Mahina & Sun’s, the restaurant in the remodeled Surfjack Hotel, almost never happened.
When the developer pitched Ed Kenney on the idea, his plate was brimming. Kenney is the owner of Town restaurant on Waialae Avenue and he had just launched Mud Hen Water and Kaimuki Superette across the street. Starting a new restaurant in Waikiki? “It was a complete curveball from right field,” he says.
Two things convinced Kenney to do it.
First, upon stepping into the soon to be remodeled hotel lobby and site of the future restaurant, he felt déjà vu realizing that he had frequented this location as a teenager, back when it was the punk rock club, Soda Pops. Then, the developer opened a look-book with ideas for the remodel – and there was a picture of Kenney’s late mother, Beverly Noa, a renowned hula dancer and Waikiki entertainer.
“Maybe I’m superstitious or a hopeless romantic, but that to me was an omen,” says Kenney.
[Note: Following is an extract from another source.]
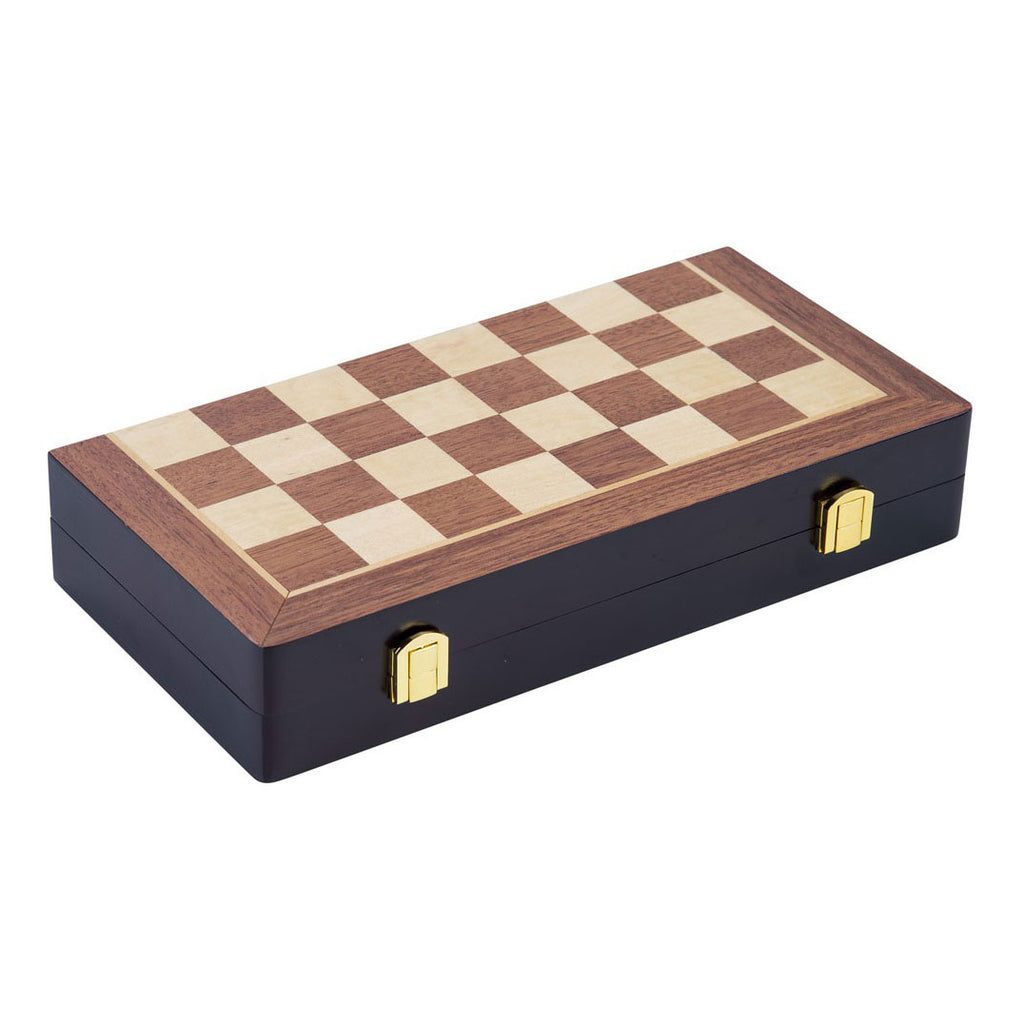 Essenhouten schaakspel opklapbaar - 38,5x38,5x5,8cm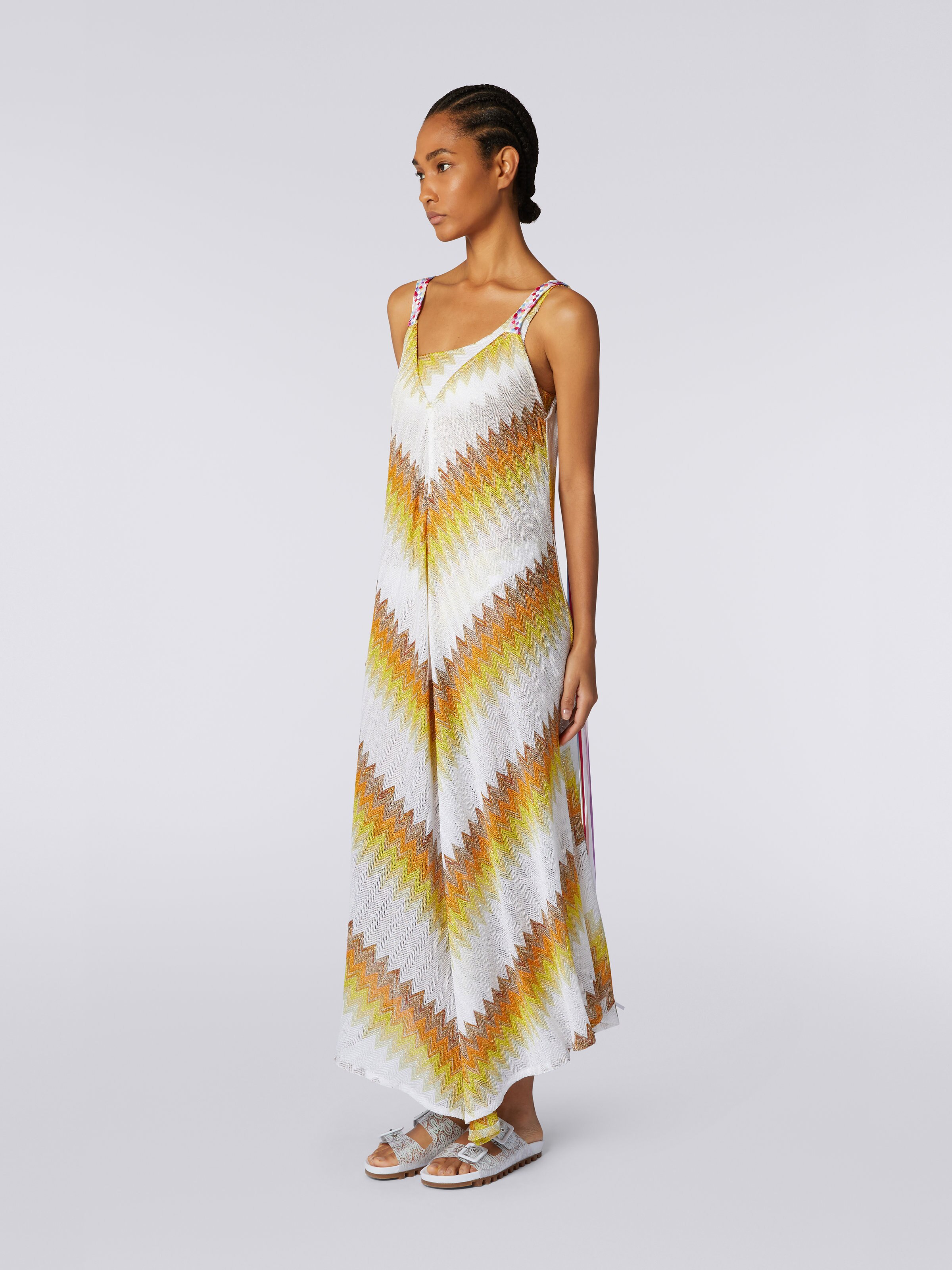 Long cover up with braided ribbon straps, White, Yellow & Ochre - 2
As for the name, there is no Mahina per se. Kenney picked it because it is a popular female Hawaiian name. “Maybe you’ll picture a big Hawaiian lady, with a hibiscus behind her ear, cooking in the kitchen. I like to create these pictures in people’s minds,” says Kenney.
But there’s more. In Hawaiian, mahina means moon. When Kenney named the restaurant, the Hokulea had just begun its worldwide voyage. The moon and sun (hence “Sun’s” in the restaurant’s name) are essential to the traditional navigation techniques that guide Hokulea.
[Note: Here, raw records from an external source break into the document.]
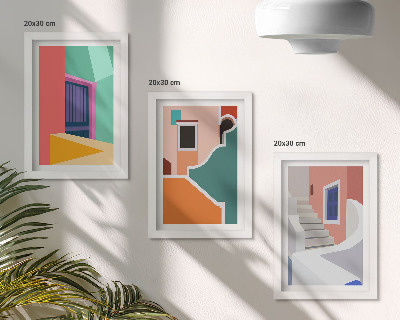 Tríptico enmarcado Ilustraciones coloridas de edificios de estilo moderno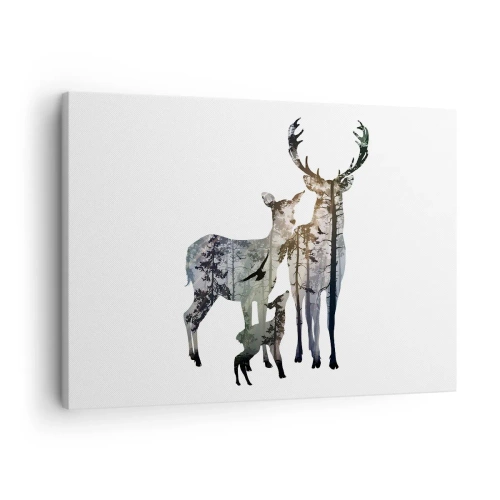 Canvas picture - Forest landscape in the silhouettes of deer - 70x50cm - Family Photo - Modern wall decoration for the living room and bedroom ARTTOR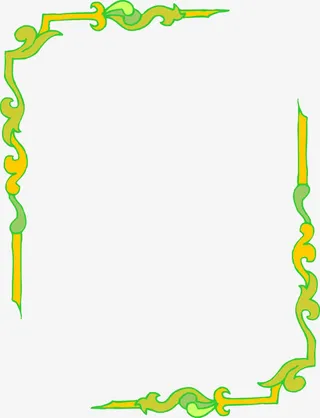 绿花纹简约边框免抠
Sun’s also has another meaning. To Kenney, it implies sons, just like a mom and pop deli or market one might see in New York City or Boston. “Like Luigi and Sons or Casanova and Sons,” says Kenney. “It gives the feeling of a homey type of restaurant.”
Perhaps it’s this homey touch, or the local sustainably-sourced seafood, or the popular Family Feast menu item, but Kenney has done what many said could not be done: attract locals to Waikiki. “Every night, we have about 65 percent 808 area codes on the reservation book. I’m happy about that.”
What’s in a Name is a recurring feature about local businesses with unusual names.